Onların Filistin davası, bizim Filistin davamız

Filistin direnişinin 7 Ekim Cumartesi günü başlattığı “Aksa Tufanı” adlı meşru saldırının ardından Siyonist İsrail Gazze’yi günlerdir bombardıman altına aldı ve adeta bir soykırım planı çerçevesinde hareket ediyor. Emperyalist güçlerin soykırımcı İsrail’e desteğine ve Filistin yanlısı eylemleri engelleme çabasına rağmen dünyanın birçok ülkesinde olduğu gibi Türkiye’de de Filistin’le dayanışma eylemleri gerçekleşti. Bu yazıda bahsedeceğim eylemse bu eylemlerden oldukça farklı çünkü eylem iktidara yakınlığıyla bilinen ve bileşenleri arasında Ensar Vakfı, TÜRGEV, TÜGVA, Deniz Feneri Derneği gibi dernek ve vakıfların bulunduğu Milli İrade Platformu tarafından organize edildi. Filistin’den Türkiye’ye okumaya gelmiş arkadaşlarla takip ettiğim yürüyüş boyunca dikkatimi çekenleri ve gözlemlerimi elimden geldiğince sizlerle paylaşacağım.

14 Ekim Cumartesi günü öğlen saatlerinde İşçi Emekçi Birliği’nin çağrısıyla İsrail Konsolosluğu önünde gerçekleşen eylemde tanıştığım Filistinli öğrencilerle eylemin ardından uzunca bir süre Gazze’deki durum üzerine konuştuk, yıkımın büyüklüğünü ve yakınlarına dair kaygılarını dile getirdiler. Sonrasında Beyazıt’ta da bir eylem olacağını duyduklarını ve oraya da katılacaklarını söylediler. Ben de hem onlarla daha fazla vakit geçirmek ve dayanışmak hem de yürüyüşü gözlemlemek adına eşlik etmeye karar verdim.

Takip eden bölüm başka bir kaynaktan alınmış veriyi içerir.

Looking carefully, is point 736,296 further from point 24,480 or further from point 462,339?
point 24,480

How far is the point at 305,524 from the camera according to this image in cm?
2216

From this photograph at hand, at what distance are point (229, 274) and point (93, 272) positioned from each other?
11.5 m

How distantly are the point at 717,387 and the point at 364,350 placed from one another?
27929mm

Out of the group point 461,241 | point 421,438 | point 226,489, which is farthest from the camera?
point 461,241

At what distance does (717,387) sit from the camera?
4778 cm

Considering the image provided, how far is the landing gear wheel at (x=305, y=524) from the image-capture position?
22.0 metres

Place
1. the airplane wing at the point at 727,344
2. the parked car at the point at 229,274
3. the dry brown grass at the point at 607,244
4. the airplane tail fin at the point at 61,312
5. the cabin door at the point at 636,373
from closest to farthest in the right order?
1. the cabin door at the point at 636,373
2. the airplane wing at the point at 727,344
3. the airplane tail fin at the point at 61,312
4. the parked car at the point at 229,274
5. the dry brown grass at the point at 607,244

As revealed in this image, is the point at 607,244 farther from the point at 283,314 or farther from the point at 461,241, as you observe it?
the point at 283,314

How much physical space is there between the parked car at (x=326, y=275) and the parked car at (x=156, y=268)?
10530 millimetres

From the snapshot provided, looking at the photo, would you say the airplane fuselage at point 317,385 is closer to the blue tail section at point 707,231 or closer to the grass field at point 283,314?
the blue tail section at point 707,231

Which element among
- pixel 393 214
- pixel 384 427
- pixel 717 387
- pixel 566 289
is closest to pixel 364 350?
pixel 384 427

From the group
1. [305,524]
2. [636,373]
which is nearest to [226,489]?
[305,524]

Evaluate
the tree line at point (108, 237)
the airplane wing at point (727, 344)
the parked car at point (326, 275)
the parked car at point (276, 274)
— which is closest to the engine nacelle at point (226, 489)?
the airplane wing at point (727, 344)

Beyazıt’a henüz yürürken birkaç saat önce yaptığımız eylemden oldukça farklı bir tabloyla karşılaşacağımız kendini belli etti. Birkaç saat önce katıldığımız eylem sona erdiğinde sivil polisler tarafından takip edilmiş ve Filistin bayrağını kapatarak alanı terk etmemiz istenmişken burada insanlar Filistin bayraklarıyla rahatça dolaşabiliyor ve polis kimseyi taciz etmiyordu.

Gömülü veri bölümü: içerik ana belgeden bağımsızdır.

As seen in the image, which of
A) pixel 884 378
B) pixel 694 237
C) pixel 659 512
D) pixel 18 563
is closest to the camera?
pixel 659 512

Yürüyüş alanına girer girmez rahatlıkla binlerle ifade edebileceğim bir kalabalık olduğunu gözlemledim. Yürüyüş alanının girişinde eylem sorumluları Türkiye ve Filistin bayraklarını birlikte dağıtıyordu. Beyazıt meydanındaki bekleyiş ve yürüyüş boyunca defalarca kez sloganlar atıldı. Bu sloganların başını tekbir vb. dini referanslı sloganlar çekiyordu. Filistinlilerin çok büyük kısmı Müslüman ve Arap olsa da eylemi birlikte takip ettiğim arkadaşlar Filistin meselesinin dini bir sorun olmadığını, bir toprak sorunu olduğunu yani topraklarının Siyonistler tarafından işgal altında olduğunu ifade etti. 

İktidar yanlısı kurumlar tarafından düzenlenen eyleme Bilal Erdoğan, Süleyman Soylu, Mustafa Şentop ve Selçuk Bayraktar gibi isimler de katılmıştı. Yürüyüşte içi boş hamasi sloganlar dışında pek bir şey gördüğümü söyleyemem. Örneğin “Dişe diş kana kan, intikam intikam!”, “İstanbul’dan Gazze’ye direnişe bin selam” gibi sloganlar çokça kez atıldı ama Filistin direnişinin acil ihtiyaçları ve taleplerine dair neredeyse hiçbir şey söylenmedi. Defalarca “Katil İsrail, Filistin’den defol!” sloganları atıldı ve direnişe selamlar gönderildi fakat Filistin direnişinin temel talepleri gözardı edildi. Direnişin özellikle diğer ülke halklarının dayanışmasından beklediği İsrail’le askeri, diplomatik, ticari, akademik ve kültürel bütün ilişkilerin sonlandırılması talebi yürüyüş boyunca dillendirilmedi. Ben de eylem boyunca özellikle bu vurguya kulak kesilmiştim fakat İsrail’le ilişkilerini gün geçtikçe normalleştiren, sürekli bir biçimde iki ülke arasındaki ticari hacmi artırmaya çalışan ve siyasi ilişkileri normalleştiren hükümete karşı bir söz söylenmedi. Belki de hükümet yetkililerinin ve milletvekillerinin katıldığı bir yürüyüşten böylesi bir politik çerçeve beklemek de abes olacaktır. Ne de olsa bir hükümetin kendi kendine basınç oluşturması düşünülemez. İsterlerse çok övündükleri Cumhurbaşkanlığı sistemi sayesinde bir gece kararnamesiyle İsrail’le ilişkileri kesebilirler. Fakat anladığım kadarıyla niyetleri Filistin’le gerçek bir dayanışma örmek ve direnişin talepleri ekseninde seferber olmak değil meseleyi iç politika malzemesi yapmak.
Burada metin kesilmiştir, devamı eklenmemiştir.